- Interactive map of University of Nebraska–Lincoln Dairy Store

Restaurant information
- Established: 1917; 109 years ago
- Owner: University of Nebraska–Lincoln
- Food type: Ice cream
- Location: 114 Food Industry Complex, Lincoln, Nebraska
- Website: dairystore.unl.edu

= Dairy Store =

Ice cream parlor at the University of Nebraska–Lincoln

The University of Nebraska–Lincoln Dairy Store is an ice cream parlor on the East Campus of the University of Nebraska–Lincoln in Lincoln, Nebraska. It was established in 1917 and is operated by students in the university's food science program within the College of Agricultural Sciences and Natural Resources. The store is considered a university staple and rotates through seasonal ice cream flavors in addition to cheese and meat offerings.

== History ==
The University of Nebraska Dairy Store was established in 1917 as Varsity Milk, selling all-you-can-drink milk to students on the condition they brought their own cup. The shop discontinued its milk sales and began serving ice cream shortly after opening, rebranding as the Dairy Store. It was based out of NU's Farm Campus (now East Campus) and originally sourced dairy from cows raised near the shop (the store now uses cows kept in Firth, approximately twenty miles south of Lincoln). In its early years, the Dairy Store regularly hosted student activities and selected a "dairy princess" until 1966.

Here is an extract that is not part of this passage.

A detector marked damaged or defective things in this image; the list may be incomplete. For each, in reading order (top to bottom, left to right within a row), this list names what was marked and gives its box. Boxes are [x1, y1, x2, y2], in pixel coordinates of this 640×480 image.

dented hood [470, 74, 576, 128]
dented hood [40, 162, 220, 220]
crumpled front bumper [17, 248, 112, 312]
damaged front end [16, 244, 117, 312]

The Dairy Store was located in the Dairy Industry Building until 1972, when it moved to the Food Industry Complex. In 2020, the shop moved to a larger space in the building designed to provide easier access from the adjacent Legacy Plaza, a greenspace connecting much of southern East Campus. Ice cream and cheese production were moved to the Food Innovation Center several miles away on Nebraska Innovation Campus; the vacated space at the Dairy Store was used to create educational exhibits.

=== Expansion ===
The Dairy Store has undertaken various efforts to establish a presence outside of the original shop, including sales at Memorial Stadium, but each proved unprofitable and was abandoned. A standalone location was opened in the Nebraska Student Union on City Campus in 2008, but closed just three years later, losing over $25,000 in its final year. College of Agricultural Sciences and Natural Resources dean Steve Waller noted a sharp dip in sales when students left campus during summer, the original Dairy Store's most profitable time of year, making it difficult for the City Campus location to stay afloat. The Dairy Store still sells prepackaged ice cream across campus and downtown Lincoln.

== Offerings ==
The Dairy Store permanently features its "Big Ten" flavors: 4H Clover Mint, Butter Brickle, Coffee Crunch, Caramel Cashew, Chocolate, Cookies and Cream, Husker Ice, Scarlet and Cream, Sweet Success, and Vanilla, as well as rotating seasonal options. The plant and store typically combine to employ twelve to fifteen students, who are encouraged to research and test their own flavors, which are sometimes added to the rotation. Flavor names are often dedicated to university landmarks, coaches, or administrators.

In addition to ice cream, the shop sells charcuterie boxes, coffee, and meats sourced from NU's animal science department. The University of Nebraska began developing "Husker cheeses" as part of its dairy husbandry department on Farm Campus in 1942.